With his complaints going nowhere, Francis said he decided to retire in May 2017, when he would be eligible. But that’s when things really went sour.

A licensed pilot, Francis routinely flew to Republic Airport on Long Island to meet up with a Rockville woman he befriended. On March 25, 2017 he got lost while visiting the woman and was approached by Rockville Center cops and told he was a suspect in four public lewdness complaints that involved a man masturbating in local yards.

Although the description of the suspects did not fit Francis — three of them were white — he said he was coerced into signing a confession which he says he did not read. He said an NYPD captain sent to the Long Island station house told him he would be fired and lose his pension if he didn’t sign, the suit said.

Instead, he was stripped of his pension just weeks shy of retirement.

Francis was acquitted of one count of public lewdness at a trial, but was found guilty of a trespass violation at a non-jury trial. Another 16 charges were dropped.

With his life now ruined, he’s asking for unspecified damages for conspiracy, false arrest, imprisonment, and civil rights violations.
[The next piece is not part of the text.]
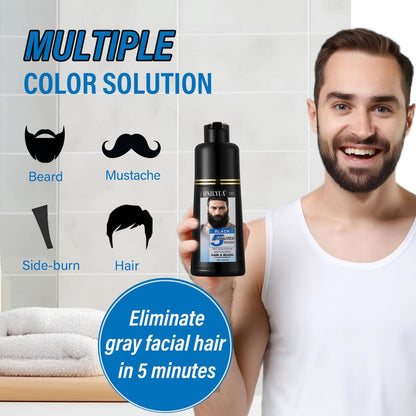 NCEPROHR Beard Dye for Men - Black Beard Color & Hair Dye Shampoo for Gray Coverage, Mens Hair Color Works in Minutes, Easy to Use 16.9 Fl Oz Avelisse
“This is yet another of my cases evincing the racist weaponizing of the awesome powers wielded by the NYPD Internal Affairs Bureau, under Deputy Commissioner of Internal Affairs Joe Reznick, against minority officers who dare to expose corruption or other racist animus of members of the Internal Affairs Bureau,” His lawyer, Joe Murray, told The Post.

In a statement this week, the city Law Department would only say that it “will carefully review these allegations and respond accordingly.”